** INSTRUCTIONS FOR THE TASK **
Start with the first line of the records below. Output each line exactly, ending with the one that contains "Harley-Davidson Touring OEM".
RECORDS FOR PROCESSING section start
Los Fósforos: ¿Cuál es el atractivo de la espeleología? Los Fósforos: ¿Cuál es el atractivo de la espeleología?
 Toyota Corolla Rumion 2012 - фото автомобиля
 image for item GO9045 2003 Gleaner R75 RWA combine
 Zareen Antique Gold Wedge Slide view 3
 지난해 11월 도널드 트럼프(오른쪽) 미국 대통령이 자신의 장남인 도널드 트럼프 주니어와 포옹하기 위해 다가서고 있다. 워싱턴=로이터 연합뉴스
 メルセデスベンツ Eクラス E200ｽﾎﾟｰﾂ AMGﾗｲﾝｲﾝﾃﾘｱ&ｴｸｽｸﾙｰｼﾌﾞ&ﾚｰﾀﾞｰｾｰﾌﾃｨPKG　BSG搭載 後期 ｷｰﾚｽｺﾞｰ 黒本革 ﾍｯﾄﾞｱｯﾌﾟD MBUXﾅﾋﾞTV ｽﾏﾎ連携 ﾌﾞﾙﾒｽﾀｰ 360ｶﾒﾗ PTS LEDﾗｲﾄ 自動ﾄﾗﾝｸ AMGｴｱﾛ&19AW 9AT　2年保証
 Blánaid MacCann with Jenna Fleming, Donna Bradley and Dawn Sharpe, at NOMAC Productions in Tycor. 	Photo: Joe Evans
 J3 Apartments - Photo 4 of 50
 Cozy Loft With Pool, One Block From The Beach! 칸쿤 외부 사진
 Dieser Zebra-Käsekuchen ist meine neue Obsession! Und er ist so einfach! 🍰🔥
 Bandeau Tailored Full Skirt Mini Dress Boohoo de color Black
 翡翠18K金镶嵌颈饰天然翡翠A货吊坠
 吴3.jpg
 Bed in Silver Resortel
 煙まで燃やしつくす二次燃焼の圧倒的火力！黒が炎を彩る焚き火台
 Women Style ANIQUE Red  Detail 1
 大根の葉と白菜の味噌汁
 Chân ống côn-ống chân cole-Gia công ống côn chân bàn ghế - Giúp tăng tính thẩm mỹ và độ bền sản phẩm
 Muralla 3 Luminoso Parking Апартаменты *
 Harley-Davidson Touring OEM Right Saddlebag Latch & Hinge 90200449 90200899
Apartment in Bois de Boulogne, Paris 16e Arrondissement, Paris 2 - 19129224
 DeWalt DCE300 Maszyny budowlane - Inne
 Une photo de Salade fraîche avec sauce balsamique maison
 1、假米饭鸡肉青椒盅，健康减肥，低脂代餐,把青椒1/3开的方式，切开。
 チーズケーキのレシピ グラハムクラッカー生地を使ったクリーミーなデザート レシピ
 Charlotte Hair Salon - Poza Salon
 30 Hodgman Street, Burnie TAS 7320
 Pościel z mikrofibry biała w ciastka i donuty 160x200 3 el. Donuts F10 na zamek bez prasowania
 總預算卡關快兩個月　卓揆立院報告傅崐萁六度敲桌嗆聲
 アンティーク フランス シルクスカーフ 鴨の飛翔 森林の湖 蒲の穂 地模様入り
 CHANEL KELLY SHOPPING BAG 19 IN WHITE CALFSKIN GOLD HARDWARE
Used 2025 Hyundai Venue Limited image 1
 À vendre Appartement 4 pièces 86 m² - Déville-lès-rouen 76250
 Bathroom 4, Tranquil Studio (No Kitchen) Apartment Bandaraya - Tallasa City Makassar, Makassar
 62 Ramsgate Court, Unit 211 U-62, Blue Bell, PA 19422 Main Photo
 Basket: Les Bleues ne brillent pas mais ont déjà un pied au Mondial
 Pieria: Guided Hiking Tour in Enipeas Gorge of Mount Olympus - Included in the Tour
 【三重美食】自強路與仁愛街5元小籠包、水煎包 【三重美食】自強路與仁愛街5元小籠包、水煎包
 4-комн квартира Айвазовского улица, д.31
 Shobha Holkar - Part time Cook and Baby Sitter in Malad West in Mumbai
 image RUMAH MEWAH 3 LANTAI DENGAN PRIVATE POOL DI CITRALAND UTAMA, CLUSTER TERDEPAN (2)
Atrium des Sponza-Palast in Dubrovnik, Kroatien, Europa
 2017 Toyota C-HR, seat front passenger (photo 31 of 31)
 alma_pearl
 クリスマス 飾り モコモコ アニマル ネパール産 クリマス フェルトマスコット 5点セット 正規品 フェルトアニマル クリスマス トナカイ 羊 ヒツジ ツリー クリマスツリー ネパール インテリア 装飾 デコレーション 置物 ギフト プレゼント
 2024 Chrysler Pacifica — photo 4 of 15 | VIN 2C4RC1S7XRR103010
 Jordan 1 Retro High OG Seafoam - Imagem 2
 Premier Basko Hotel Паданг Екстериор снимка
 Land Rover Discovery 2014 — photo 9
RECORDS FOR PROCESSING section end
** SOLUTION TO THIS TASK **
Los Fósforos: ¿Cuál es el atractivo de la espeleología? Los Fósforos: ¿Cuál es el atractivo de la espeleología?
 Toyota Corolla Rumion 2012 - фото автомобиля
 image for item GO9045 2003 Gleaner R75 RWA combine
 Zareen Antique Gold Wedge Slide view 3
 지난해 11월 도널드 트럼프(오른쪽) 미국 대통령이 자신의 장남인 도널드 트럼프 주니어와 포옹하기 위해 다가서고 있다. 워싱턴=로이터 연합뉴스
 メルセデスベンツ Eクラス E200ｽﾎﾟｰﾂ AMGﾗｲﾝｲﾝﾃﾘｱ&ｴｸｽｸﾙｰｼﾌﾞ&ﾚｰﾀﾞｰｾｰﾌﾃｨPKG　BSG搭載 後期 ｷｰﾚｽｺﾞｰ 黒本革 ﾍｯﾄﾞｱｯﾌﾟD MBUXﾅﾋﾞTV ｽﾏﾎ連携 ﾌﾞﾙﾒｽﾀｰ 360ｶﾒﾗ PTS LEDﾗｲﾄ 自動ﾄﾗﾝｸ AMGｴｱﾛ&19AW 9AT　2年保証
 Blánaid MacCann with Jenna Fleming, Donna Bradley and Dawn Sharpe, at NOMAC Productions in Tycor. 	Photo: Joe Evans
 J3 Apartments - Photo 4 of 50
 Cozy Loft With Pool, One Block From The Beach! 칸쿤 외부 사진
 Dieser Zebra-Käsekuchen ist meine neue Obsession! Und er ist so einfach! 🍰🔥
 Bandeau Tailored Full Skirt Mini Dress Boohoo de color Black
 翡翠18K金镶嵌颈饰天然翡翠A货吊坠
 吴3.jpg
 Bed in Silver Resortel
 煙まで燃やしつくす二次燃焼の圧倒的火力！黒が炎を彩る焚き火台
 Women Style ANIQUE Red  Detail 1
 大根の葉と白菜の味噌汁
 Chân ống côn-ống chân cole-Gia công ống côn chân bàn ghế - Giúp tăng tính thẩm mỹ và độ bền sản phẩm
 Muralla 3 Luminoso Parking Апартаменты *
 Harley-Davidson Touring OEM Right Saddlebag Latch & Hinge 90200449 90200899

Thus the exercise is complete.